Important information about this sale:

• There will be both 16GB and 32GB versions available, selling at a fixed price of $99 and $149 respectively&#8230;while supplies last.
• There is also an optional 3-piece Accessory bundle with a Case, Charging Dock & Wireless Keyboard for $79 (est. value $199.97).
• Purchases must be made through the HP eBay store via PayPal only. If you do not have eBay or PayPal accounts, create your accounts before the sale begins to avoid delays.
• The product offer will be announced to the general public on Monday morning and is expected to sell-out quickly thereafter, so don't delay.
• There will be a limit of two (2) TouchPad SKUs per eBay member, sold on a first come, first served basis.
• This sale is not associated with any HP-sponsored employee purchase program and there are no additional discounts for HP employees off the HP eBay store price.
• All sales are final. There are no returns unless product arrives defective.
• The refurbished TouchPad product comes with a 90-day limited warranty.
• Please note that eBay orders only allow one ship-to location per order.


----------



## Aganar (Oct 29, 2011)

Note the "refurbished" line there, guys. These are firesale prices, but not firesale quality. Now considering the product has been out for all of six months, I'm guessing a refurb is probably indistinguishable from a new or close to it.

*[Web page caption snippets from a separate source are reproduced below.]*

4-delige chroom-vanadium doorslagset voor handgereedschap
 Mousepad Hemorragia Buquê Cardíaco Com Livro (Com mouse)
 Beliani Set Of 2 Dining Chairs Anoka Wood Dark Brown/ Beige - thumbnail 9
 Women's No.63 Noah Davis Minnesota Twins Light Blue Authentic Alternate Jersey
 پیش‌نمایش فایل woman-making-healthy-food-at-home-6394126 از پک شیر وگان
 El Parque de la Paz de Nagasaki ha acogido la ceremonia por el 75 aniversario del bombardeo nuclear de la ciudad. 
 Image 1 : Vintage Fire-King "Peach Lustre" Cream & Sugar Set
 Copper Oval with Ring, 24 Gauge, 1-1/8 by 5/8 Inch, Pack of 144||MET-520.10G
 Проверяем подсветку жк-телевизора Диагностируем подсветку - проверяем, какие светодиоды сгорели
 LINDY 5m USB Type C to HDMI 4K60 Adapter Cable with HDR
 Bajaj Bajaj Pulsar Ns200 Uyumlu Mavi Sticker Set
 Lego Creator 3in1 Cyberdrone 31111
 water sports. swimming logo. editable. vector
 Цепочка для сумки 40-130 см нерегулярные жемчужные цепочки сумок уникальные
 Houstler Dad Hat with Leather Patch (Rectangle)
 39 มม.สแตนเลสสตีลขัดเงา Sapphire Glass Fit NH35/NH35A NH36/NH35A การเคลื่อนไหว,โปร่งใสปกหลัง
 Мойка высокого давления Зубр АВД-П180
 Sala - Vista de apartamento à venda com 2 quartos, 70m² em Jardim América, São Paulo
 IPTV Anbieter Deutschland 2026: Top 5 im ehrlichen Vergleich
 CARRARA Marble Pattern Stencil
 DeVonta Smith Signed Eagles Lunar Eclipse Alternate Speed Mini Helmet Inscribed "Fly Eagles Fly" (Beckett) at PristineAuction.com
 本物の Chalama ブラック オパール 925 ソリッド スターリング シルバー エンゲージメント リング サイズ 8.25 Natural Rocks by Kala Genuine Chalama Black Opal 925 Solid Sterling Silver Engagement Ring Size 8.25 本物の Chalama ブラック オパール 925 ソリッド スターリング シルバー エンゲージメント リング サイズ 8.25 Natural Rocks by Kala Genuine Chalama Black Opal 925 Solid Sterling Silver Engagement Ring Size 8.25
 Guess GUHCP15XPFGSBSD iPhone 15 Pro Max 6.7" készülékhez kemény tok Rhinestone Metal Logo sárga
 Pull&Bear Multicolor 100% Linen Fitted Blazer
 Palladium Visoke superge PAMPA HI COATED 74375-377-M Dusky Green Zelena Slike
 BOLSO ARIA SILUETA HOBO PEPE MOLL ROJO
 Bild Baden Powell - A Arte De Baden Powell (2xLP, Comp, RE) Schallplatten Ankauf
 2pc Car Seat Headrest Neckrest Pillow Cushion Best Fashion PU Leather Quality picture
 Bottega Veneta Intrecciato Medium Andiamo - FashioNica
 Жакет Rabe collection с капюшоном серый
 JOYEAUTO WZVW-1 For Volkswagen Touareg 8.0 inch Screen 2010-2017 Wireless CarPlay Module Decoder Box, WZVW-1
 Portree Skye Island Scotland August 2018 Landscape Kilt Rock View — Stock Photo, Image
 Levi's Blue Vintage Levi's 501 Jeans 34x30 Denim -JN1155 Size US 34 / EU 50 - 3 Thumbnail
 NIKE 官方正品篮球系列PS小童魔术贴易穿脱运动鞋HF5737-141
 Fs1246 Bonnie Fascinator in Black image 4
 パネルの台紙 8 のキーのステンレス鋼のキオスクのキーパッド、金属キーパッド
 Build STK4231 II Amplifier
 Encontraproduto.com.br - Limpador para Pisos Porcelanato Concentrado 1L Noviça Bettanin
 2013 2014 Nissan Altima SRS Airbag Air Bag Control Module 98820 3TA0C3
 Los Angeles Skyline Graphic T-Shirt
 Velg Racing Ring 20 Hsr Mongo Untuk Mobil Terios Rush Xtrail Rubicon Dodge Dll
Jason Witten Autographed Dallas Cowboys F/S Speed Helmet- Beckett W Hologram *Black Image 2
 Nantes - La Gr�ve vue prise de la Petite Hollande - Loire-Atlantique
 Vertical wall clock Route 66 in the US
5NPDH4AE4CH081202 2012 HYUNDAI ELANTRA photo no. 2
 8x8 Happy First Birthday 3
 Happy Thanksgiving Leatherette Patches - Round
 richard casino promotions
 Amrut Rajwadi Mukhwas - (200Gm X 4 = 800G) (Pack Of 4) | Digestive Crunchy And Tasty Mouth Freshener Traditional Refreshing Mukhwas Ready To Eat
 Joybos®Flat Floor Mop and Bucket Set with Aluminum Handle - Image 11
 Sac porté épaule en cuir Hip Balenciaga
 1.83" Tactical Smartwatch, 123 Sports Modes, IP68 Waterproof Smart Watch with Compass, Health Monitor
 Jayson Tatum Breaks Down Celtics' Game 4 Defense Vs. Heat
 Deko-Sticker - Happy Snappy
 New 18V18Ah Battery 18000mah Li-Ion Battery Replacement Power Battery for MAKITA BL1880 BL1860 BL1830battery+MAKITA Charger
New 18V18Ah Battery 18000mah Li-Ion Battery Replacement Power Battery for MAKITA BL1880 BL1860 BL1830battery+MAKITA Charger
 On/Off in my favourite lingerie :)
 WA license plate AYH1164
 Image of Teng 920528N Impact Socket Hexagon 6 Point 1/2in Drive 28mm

But just note that it's not new.

I'd be all over that bundle, if only the keyboard were a little more portable. I've currently got a bluetooth keyboard case in the mail for that reason. Otherwise, though, I may still see about getting this as an x-mas gift for a sibling.


----------



## Kayone (Aug 25, 2011)

I knew this wouldn't stay internal for long.


----------



## dark_angel (Sep 2, 2011)

*I am just sharing whatever I have learned, my intention is just to help. I don't work or own eBay or HP*​
The HP TouchPad tablets will be available at starting at *6:00PM Central Time on Sunday, December 11th.* Both 16GB and 32GB models will be available in limited quantities. You'll need to pay using PayPal.
http://liliputing.co...y-12112011.html

http://techcrunch.co...-touchpad-ebay/

Mark your calenders and Good Luck!!


----------



## gamer765 (Aug 26, 2011)

You will most likely get a confirmation the day of the sale and by then, it will be too late.
So take this report as confirmed, with a grain of salt.


----------



## ro6666lt (Sep 2, 2011)

threads merged.


----------



## Kayone (Aug 25, 2011)

gamer765 said:


> You will most likely get a confirmation the day of the sale and by then, it will be too late.
> So take this report as confirmed, with a grain of salt.


It's confirmed. The email went out internally this afternoon.
It took exactly 10 seconds for it to become public.


----------



## fgdn17 (Aug 28, 2011)

Kayone said:


> I knew this wouldn't stay internal for long.


http://www.precentral.net/webos-all-hands-meeting-scheduled-tomorrow-morning-it-all-finally-comes-head


----------